Fresh off the last experiment, I’ve decided to go back to an old experiment and dig a little deeper.

A while ago I was working on an experiment trying to figure out what attention layers are actually doing in transformers.

The traditional introduction to transformers goes something like this:

  • You turn your text into tokens
  • You create embeddings for each of those tokens
  • Some additions and projections later, that token encoding goes into an attention layer, at a particular spot in the sequence based on the order of the text.

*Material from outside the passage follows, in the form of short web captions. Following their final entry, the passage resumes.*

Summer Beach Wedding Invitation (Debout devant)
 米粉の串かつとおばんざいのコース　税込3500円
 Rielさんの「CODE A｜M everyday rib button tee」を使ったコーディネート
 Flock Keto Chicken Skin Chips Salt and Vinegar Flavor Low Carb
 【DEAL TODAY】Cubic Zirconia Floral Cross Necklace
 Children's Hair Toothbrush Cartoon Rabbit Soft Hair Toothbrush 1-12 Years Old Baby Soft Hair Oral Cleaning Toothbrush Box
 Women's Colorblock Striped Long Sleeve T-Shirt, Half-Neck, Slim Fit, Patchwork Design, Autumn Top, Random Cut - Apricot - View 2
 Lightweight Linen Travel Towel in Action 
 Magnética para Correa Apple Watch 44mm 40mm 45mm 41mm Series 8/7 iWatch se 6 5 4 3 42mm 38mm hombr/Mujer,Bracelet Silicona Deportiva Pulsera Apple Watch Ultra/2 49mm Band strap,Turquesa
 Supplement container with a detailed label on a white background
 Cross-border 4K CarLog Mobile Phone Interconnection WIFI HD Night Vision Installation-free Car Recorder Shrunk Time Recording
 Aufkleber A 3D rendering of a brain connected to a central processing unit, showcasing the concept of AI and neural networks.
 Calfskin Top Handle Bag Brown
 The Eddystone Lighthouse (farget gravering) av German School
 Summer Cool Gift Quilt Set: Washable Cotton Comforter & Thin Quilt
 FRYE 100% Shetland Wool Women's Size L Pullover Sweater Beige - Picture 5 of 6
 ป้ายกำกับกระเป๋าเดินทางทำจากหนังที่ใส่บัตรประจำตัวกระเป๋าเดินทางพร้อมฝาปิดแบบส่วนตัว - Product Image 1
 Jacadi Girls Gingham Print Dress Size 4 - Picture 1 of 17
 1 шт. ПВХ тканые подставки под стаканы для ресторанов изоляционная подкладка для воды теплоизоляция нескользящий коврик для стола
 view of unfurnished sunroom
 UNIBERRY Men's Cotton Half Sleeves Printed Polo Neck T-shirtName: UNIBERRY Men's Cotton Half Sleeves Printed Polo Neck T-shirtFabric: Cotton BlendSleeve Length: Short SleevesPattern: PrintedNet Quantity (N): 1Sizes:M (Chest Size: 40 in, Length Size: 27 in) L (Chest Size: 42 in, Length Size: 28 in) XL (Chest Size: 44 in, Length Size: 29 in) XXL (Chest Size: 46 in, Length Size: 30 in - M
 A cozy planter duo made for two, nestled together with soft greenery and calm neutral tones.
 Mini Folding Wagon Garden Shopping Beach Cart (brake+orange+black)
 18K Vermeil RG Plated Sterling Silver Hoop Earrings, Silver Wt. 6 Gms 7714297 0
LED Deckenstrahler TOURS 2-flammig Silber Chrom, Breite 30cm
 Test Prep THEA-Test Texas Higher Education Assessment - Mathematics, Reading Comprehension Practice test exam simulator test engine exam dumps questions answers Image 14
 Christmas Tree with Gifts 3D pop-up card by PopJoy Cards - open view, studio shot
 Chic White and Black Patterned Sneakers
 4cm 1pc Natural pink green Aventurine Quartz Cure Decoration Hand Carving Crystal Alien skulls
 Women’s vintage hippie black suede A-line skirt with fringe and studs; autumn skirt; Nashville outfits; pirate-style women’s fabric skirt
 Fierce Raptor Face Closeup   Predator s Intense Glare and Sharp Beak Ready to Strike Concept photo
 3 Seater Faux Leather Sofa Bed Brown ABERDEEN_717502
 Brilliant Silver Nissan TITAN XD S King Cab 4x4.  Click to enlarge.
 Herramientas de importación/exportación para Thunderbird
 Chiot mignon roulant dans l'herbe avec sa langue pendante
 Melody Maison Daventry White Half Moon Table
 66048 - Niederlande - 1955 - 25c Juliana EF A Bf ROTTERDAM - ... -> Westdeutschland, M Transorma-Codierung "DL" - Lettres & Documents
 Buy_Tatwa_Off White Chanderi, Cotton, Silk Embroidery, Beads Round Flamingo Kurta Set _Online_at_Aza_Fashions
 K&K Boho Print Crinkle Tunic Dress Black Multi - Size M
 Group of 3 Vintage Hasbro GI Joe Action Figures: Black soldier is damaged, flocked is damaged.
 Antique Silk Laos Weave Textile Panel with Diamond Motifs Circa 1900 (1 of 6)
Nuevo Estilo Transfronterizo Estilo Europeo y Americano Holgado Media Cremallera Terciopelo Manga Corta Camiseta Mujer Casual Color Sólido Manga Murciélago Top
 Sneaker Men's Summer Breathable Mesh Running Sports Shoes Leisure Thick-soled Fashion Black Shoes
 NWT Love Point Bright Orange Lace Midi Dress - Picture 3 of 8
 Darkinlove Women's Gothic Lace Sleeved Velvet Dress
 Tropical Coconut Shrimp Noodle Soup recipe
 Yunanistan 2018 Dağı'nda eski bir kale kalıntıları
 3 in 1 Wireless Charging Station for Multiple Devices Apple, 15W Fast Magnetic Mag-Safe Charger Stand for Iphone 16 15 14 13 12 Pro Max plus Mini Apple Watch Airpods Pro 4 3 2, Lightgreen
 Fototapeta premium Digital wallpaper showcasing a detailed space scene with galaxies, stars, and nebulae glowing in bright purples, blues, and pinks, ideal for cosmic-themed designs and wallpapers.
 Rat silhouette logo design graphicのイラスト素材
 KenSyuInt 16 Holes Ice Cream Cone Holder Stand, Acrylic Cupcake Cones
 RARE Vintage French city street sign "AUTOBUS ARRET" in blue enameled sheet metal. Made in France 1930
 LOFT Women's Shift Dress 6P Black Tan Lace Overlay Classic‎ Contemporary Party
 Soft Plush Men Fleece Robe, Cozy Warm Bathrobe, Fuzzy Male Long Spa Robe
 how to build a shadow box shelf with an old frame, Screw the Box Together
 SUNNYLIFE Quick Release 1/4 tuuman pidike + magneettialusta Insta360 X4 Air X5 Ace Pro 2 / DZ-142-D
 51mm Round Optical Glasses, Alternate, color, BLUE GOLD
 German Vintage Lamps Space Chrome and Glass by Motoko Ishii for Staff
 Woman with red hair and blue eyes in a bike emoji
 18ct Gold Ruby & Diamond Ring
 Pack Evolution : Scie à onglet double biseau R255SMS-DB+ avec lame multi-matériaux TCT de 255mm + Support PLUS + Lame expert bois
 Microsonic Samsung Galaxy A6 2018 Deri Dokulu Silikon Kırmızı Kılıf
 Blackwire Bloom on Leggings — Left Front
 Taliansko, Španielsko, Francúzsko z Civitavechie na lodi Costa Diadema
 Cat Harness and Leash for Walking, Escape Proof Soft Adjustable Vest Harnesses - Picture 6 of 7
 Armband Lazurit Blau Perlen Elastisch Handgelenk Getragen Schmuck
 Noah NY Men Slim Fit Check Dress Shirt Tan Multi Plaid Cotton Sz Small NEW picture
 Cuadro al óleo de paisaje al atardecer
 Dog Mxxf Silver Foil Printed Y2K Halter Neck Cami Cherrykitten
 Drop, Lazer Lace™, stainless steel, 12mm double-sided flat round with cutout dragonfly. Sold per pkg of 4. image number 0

Let’s assume our token is at position 3.
  • The attention layer compares that token encoding to all the others in the sequence (query and keys, yes yes), and uses the relative weights of their similarities as weights to apply to the original embeddings in the sequence (projected by a value matrix.) (This won’t make sense if you don’t already know how transformers work, for which I apologize.)
  • The output of that attention layer at position 3 is the original token, but with information from closely-related tokens mashed into it. So it’s a wider, more conceptually complex representation of the original token at position 3.
  • Do this 12 times with some standard fully-connected neural networks in-between, and you end up with a new sequence where each encoding is a representation of that original token, but with “meaning” infused based on the overall context of every other token in the sequence.
  • Use those fancy high-class output encodings to predict the next token, or classify your sequence, or whatever.

But that “output of the attention layer is another form of the original token” has always been interesting to me. What does an encoding like that look like? Can you do something else with it? Does it relate back to the original token in an interesting way?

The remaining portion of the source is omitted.